### Stored items from a collection:
%%

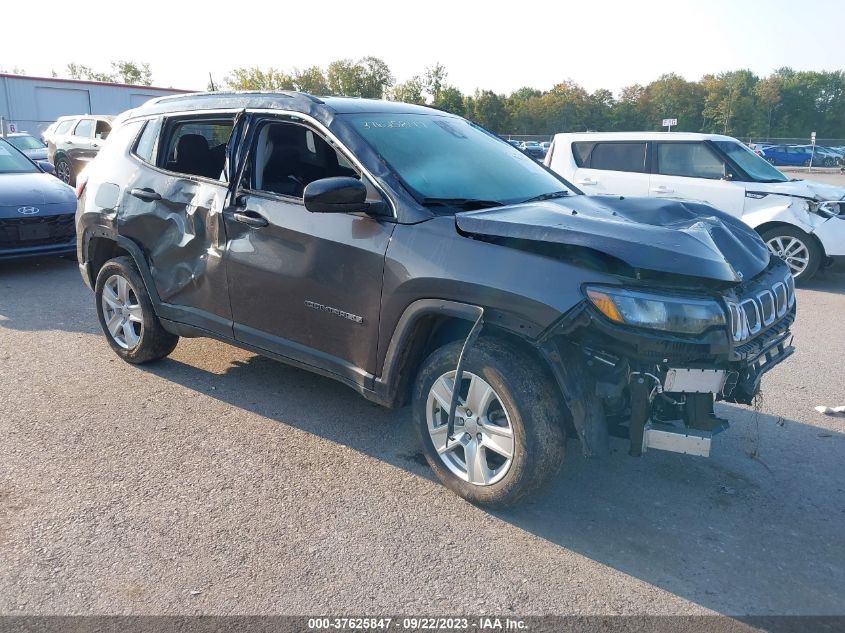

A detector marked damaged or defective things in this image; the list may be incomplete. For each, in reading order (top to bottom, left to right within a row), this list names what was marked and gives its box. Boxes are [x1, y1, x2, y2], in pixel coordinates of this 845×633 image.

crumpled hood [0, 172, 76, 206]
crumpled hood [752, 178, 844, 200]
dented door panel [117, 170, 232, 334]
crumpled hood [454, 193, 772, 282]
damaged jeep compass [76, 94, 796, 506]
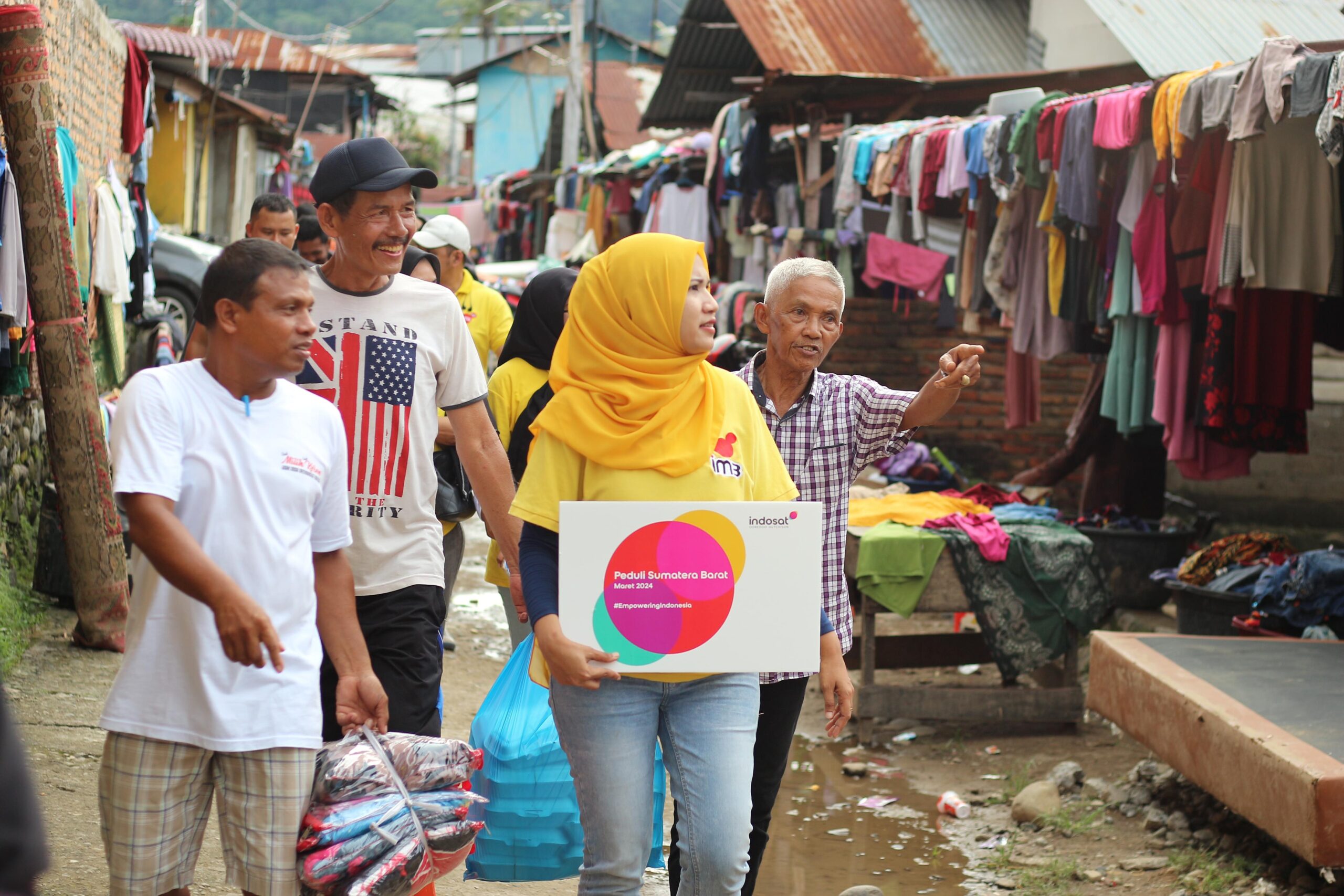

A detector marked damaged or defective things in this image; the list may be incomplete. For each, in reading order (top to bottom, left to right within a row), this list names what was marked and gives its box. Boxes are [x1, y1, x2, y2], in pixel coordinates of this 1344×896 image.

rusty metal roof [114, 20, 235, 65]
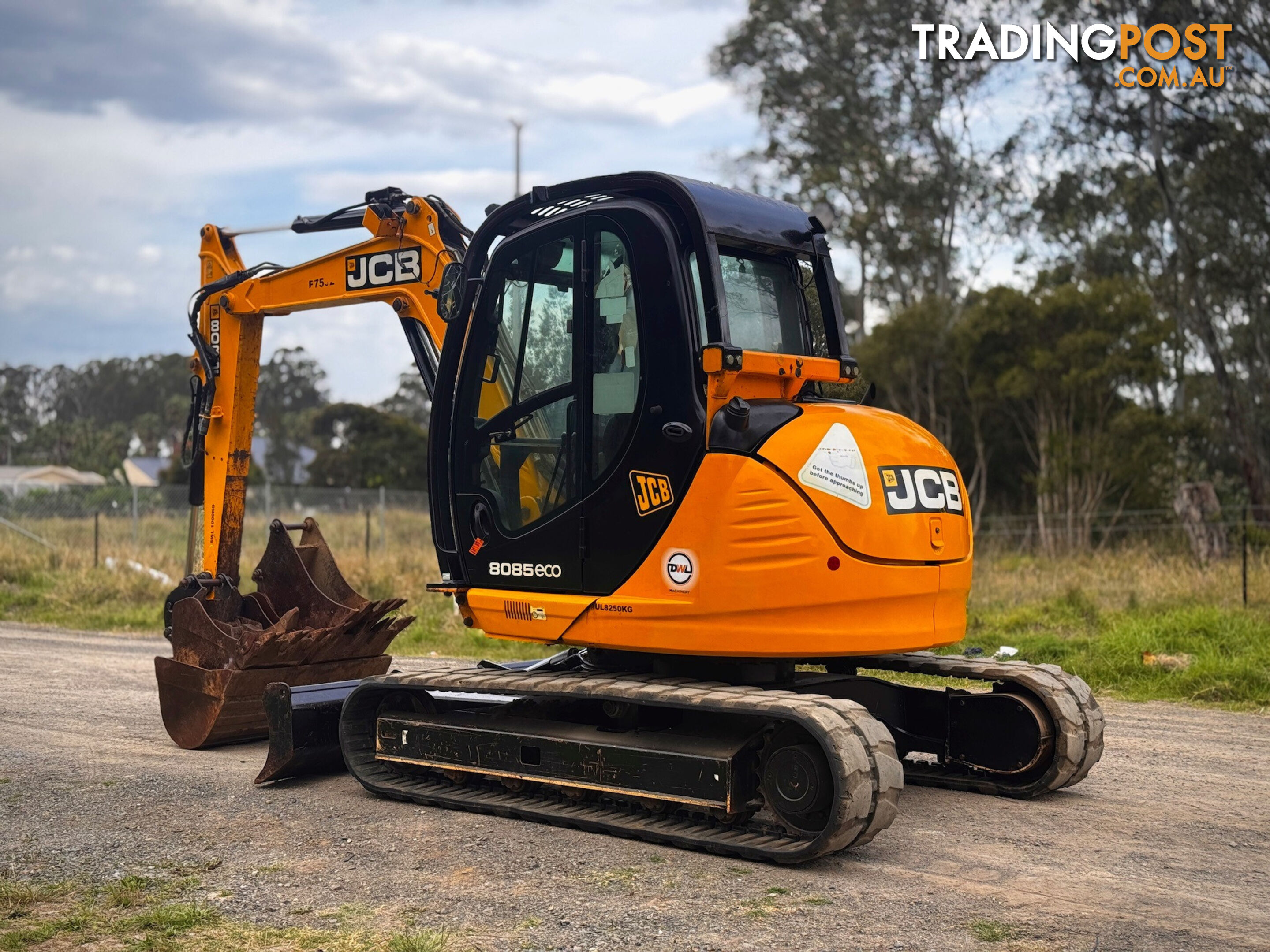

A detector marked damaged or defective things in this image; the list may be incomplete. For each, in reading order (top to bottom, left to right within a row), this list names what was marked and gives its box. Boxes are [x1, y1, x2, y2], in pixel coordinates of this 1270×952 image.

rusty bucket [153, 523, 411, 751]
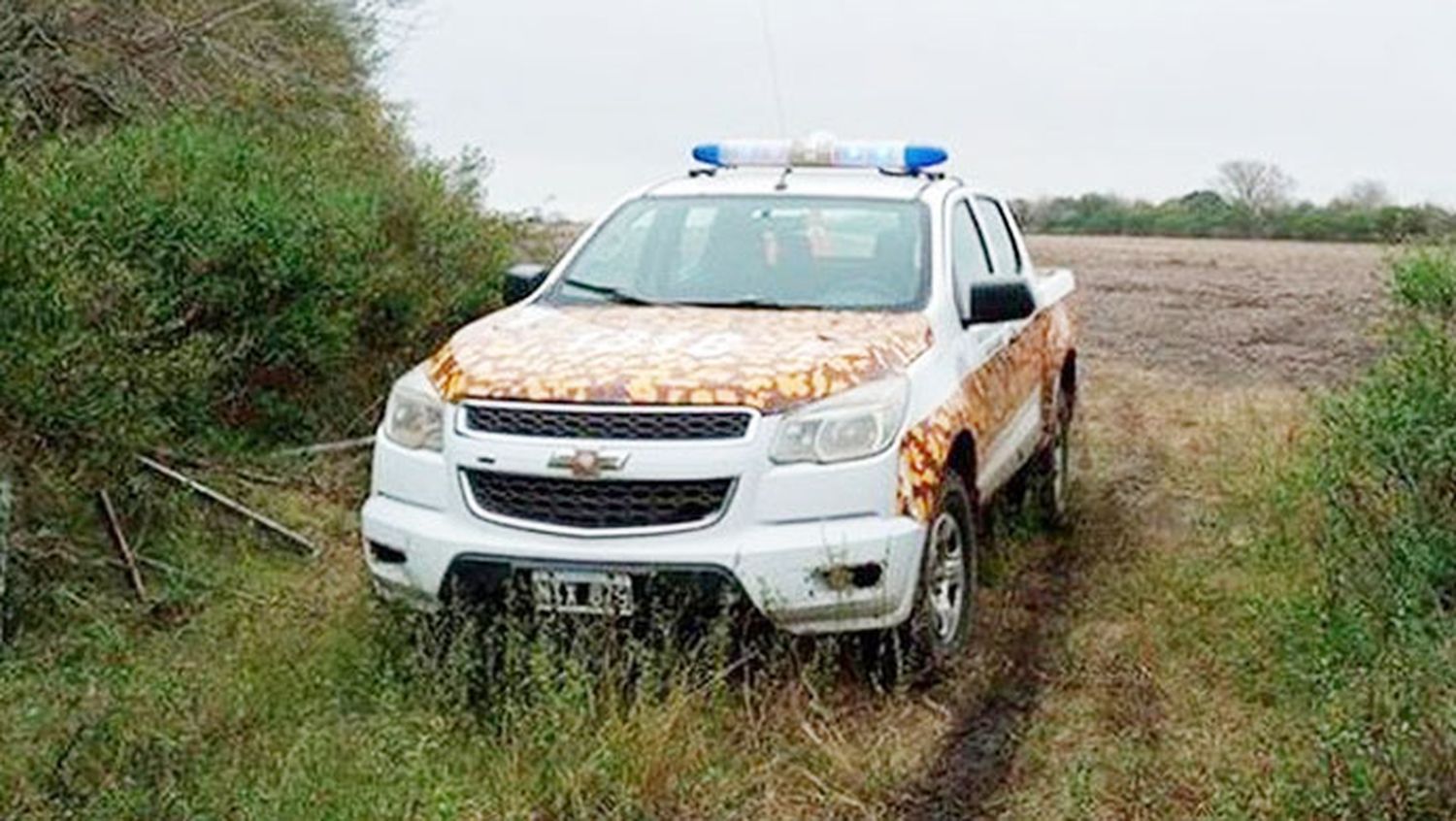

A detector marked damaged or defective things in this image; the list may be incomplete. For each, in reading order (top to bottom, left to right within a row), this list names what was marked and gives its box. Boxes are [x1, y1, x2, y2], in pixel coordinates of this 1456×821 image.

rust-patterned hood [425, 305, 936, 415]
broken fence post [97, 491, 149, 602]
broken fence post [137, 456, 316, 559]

%%

### The task:
I would like an exact copy of the lines from the one holding "this 1344×896 image." through the last line of the entries above, with the pictures left out.

### Written solution:
A detector marked damaged or defective things in this image; the list may be incomplete. For each, in reading order (top to bottom, left to right within a row), this list names what was marked and gives its box. Boxes are [x1, y1, x2, y2], in pixel coordinates of this 1344×896 image.

rusty metal roof [114, 20, 235, 65]

A detector marked damaged or defective things in this image; the list may be incomplete. For each, in reading order (top to bottom, left to right within a row), this list names what was marked and gives its box. Boxes are [x1, y1, x2, y2], in pixel coordinates of this 1270×952 image.

rusty bucket [153, 523, 411, 751]

A detector marked damaged or defective things in this image; the list may be incomplete. For each, in reading order (top to bottom, left to right within a row), this list names what was marked and gives its box. Boxes are [x1, y1, x2, y2], in pixel coordinates of this 1456×821 image.

rust-patterned hood [425, 305, 936, 415]
broken fence post [97, 491, 149, 602]
broken fence post [137, 456, 316, 559]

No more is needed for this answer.